[Record set Boundary: Start]
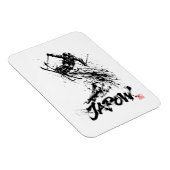 Snowboard Brush Art - Skier jump Magneet (Rechterzijde)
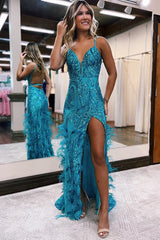 Sequin Prom Dress Lace V Neck Mermaid Evening Dress With Split
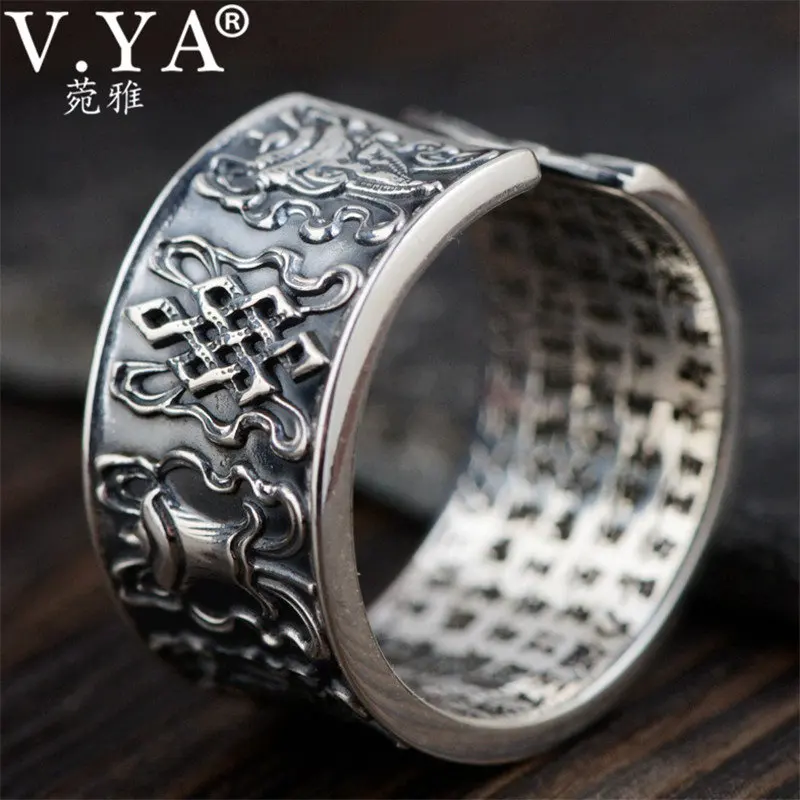 V. YA, Твердое Серебро 990 пробы, мужское кольцо в форме таинственного цветка, тайские серебряные кольца, мужские ювелирные изделия, высокое качество - Цвет основного камня: Style 2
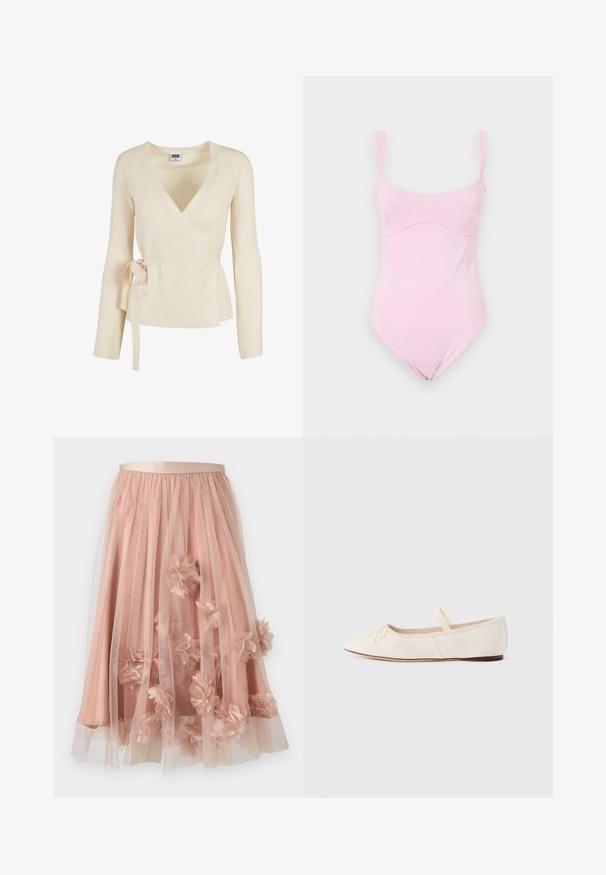 Pull cache-cœur côtelé couleur crème avec manches longues et ceinture à nouer sur le côté, taille XS de la marque Urban Classics.; Good American TANK - Débardeur - flora; Jupe en tulle rose pâle avec une ceinture en satin. Comprend plusieurs couches de tissu transparent et des appliqués floraux en trois dimensions sur toute la surface.; Ballerines en daim beige clair, bout pointu et fine bride élastique sur le dessus. Semelle plate avec un léger accent en caoutchouc.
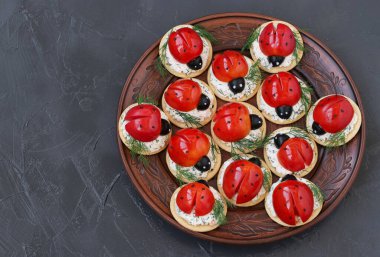 Domatesin uğur böceği şeklinde bisküvileri, üst görünümü, uzayı kopyala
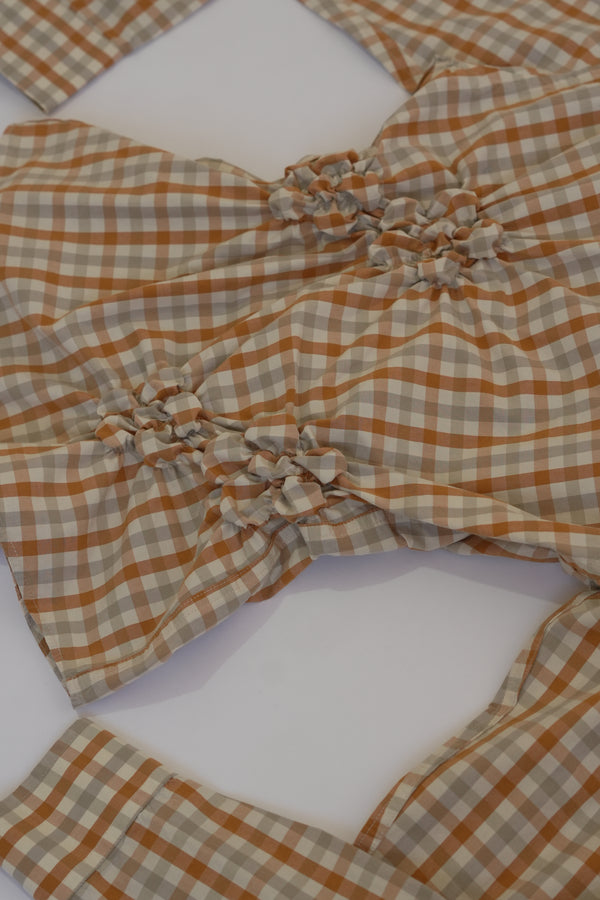Camisa Florero - Cuadros naranja y café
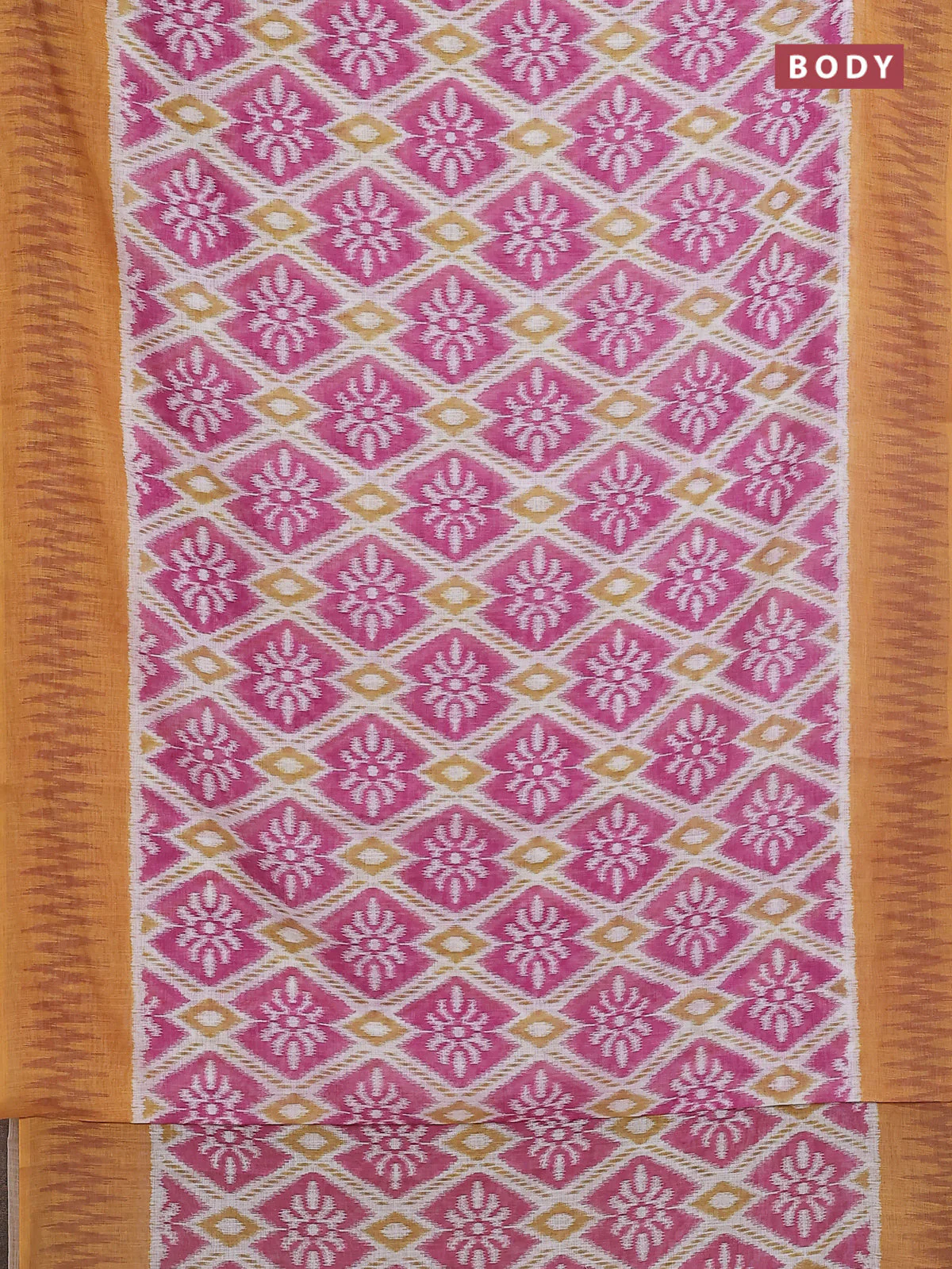 Semi linen saree off white pink and mustard yellow with allover ikat prints and printed border - Image 2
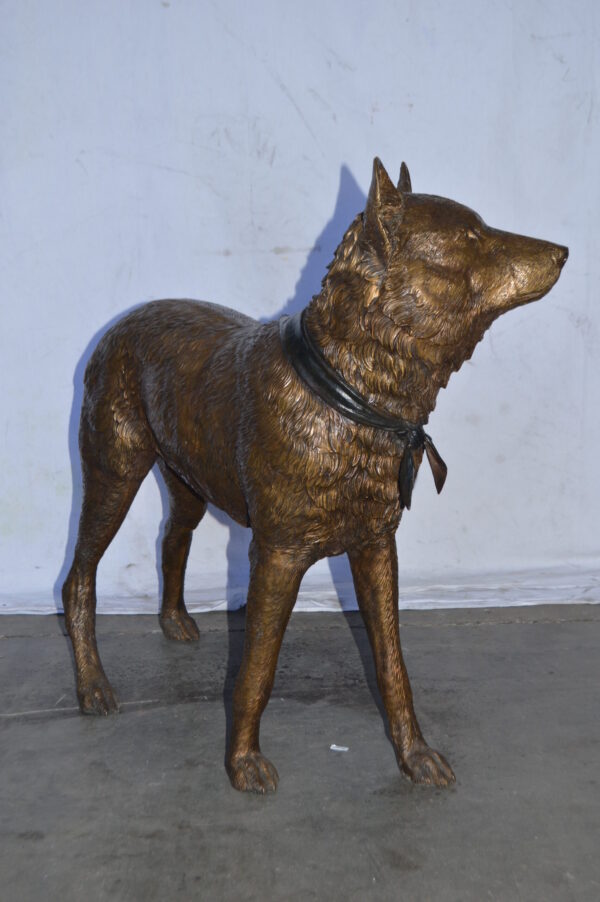 Wolf Standing Life Size Bronze Statue - Size: 45"L x 15"W x 33"H. - Image 7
[Record set Boundary: End]
Work to complete:
Please print the lines exactly, from the top of the material through the line with "Camisa Florero - Cuadros naranja y café", and omit the pictures.

Solution:
 Snowboard Brush Art - Skier jump Magneet (Rechterzijde)
 Sequin Prom Dress Lace V Neck Mermaid Evening Dress With Split
 V. YA, Твердое Серебро 990 пробы, мужское кольцо в форме таинственного цветка, тайские серебряные кольца, мужские ювелирные изделия, высокое качество - Цвет основного камня: Style 2
 Pull cache-cœur côtelé couleur crème avec manches longues et ceinture à nouer sur le côté, taille XS de la marque Urban Classics.; Good American TANK - Débardeur - flora; Jupe en tulle rose pâle avec une ceinture en satin. Comprend plusieurs couches de tissu transparent et des appliqués floraux en trois dimensions sur toute la surface.; Ballerines en daim beige clair, bout pointu et fine bride élastique sur le dessus. Semelle plate avec un léger accent en caoutchouc.
 Domatesin uğur böceği şeklinde bisküvileri, üst görünümü, uzayı kopyala
Camisa Florero - Cuadros naranja y café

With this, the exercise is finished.